Project 5 / Face Detection with a Sliding Window

This goal of this project is to create a sliding window, multiscale face detector. We will use SIFT-like HoG features on patches, slide the patches along the images, and use SVM or other classifiers to classify the images. We will do this for multiple scales and return the bounding boxes of potential matches. Overlapping bounding boxes will be removed yeilding the final result.

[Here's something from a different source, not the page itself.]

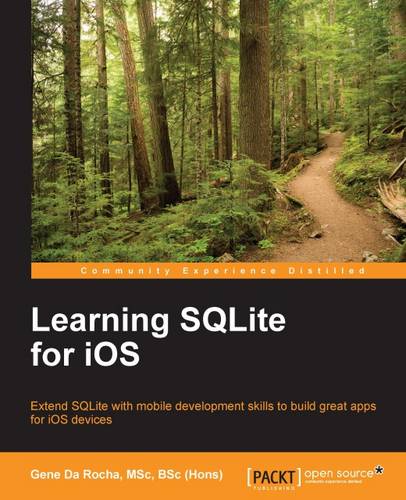 Learning SQLite for iOS  by Gene Da Rocha, MSc, BSc (Hons) at Abbey's Bookshop,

STEP 1: get_positive_features.m and get_random_negative_features.m

When implmenting get_positive_features.m I first read in the image, make sure it is grayscale, then resize it to the size of the desired template size (36x36 pixels). I then found the hog features with vl_hog(). The resulting feature is 1116 dimensions. For get_random_negative_features, I randomly took patches of images at random scales and found their HoG features. The number of patches I sampled from each image was proportional to the size of the image. I collected 10,000 negative examples.

STEP 2: Train Classifier

For traning the classifier, I first used linear SVM, with vl_svmtrain(). I used a lambda value of 1.e-7.

STEP 3: run_detector.m

For run_detector.m I first perform downsampling to scale the image down. I repeatedly scaled the image down by a 90% 20 times or until the image was too small to extract the hog features. Once the image was scaled down I found the hog features, then used a sliding window to take patches of the hog features which were of the correct size to yield the right number of features. I used a step size of 6 pixels. I then ran the feature through the classifier and found the confidence value. If the confidence was higher than a threshold (for SVM, I used -0.1), then I saved the bounding box for that feature and the confidence as well. Finally, after performing this operation on the different scales, I used non maximum supression to find non-overlapping bounding boxes with the highest confidence. These were the positive labeled faces.

RESULTS

With the pipeline outlined above, I was able to achieve an average precision of 0.876. This is using a threshold for the SVM of -0.1. Below are the graphs for the results.

Average Precision.

HoG Template.

Using this low threshold gives a higher average precision, but returns too many false positives, yielding results like this:

Too many false positives.

To reduce the false positive rate, I increased the threshold to 0.8. This resulted in a lower average precision of 0.871, with fewer false positives. Below are the results of the test images.

All results

EXTRA 1: Using other positive training data

I found more positive face images by searching on google images and downloading the thumbnails. I tried to curate the search to return clear, head-on, square images containing human faces. I collected 731 images in this way. The search process was not perfect, but here are some examples of images I retrieved:

I scaled the images down to 36x36 and converted to greyscale, then incorporated these images into Caltech training dataset, yeilding a total of 6713+731=7444 positive images. I then ran the entire pipeline, hoping that the performance would improve. using a low threshold for the confidence of -0.1, I got an average precision of 0.653. This was lower than without using the additional images. This is probably due to the fact that the images I added were not very close to the test set. Specifically, there may have been too many side views of faces, which can be seen from the difference in the HoG template, which is less symmetric. This highlights the importance of carefully choosing good data.

HoG template using extra images from google.

Average precision using extra images from google.

EXTRA 2: Using a Random Forest classifier

I tried using MATLAB's built in random forest classifier (fitcenemble) for the classification. This yielded worse results (AP 0.863). Below is the precision vs recall graph. The implmentation was considerably slower than linear SVM.

Average precision using random forests.

Classroom images

These are the detections on the extra test images using a higher confidence threshold (0.8).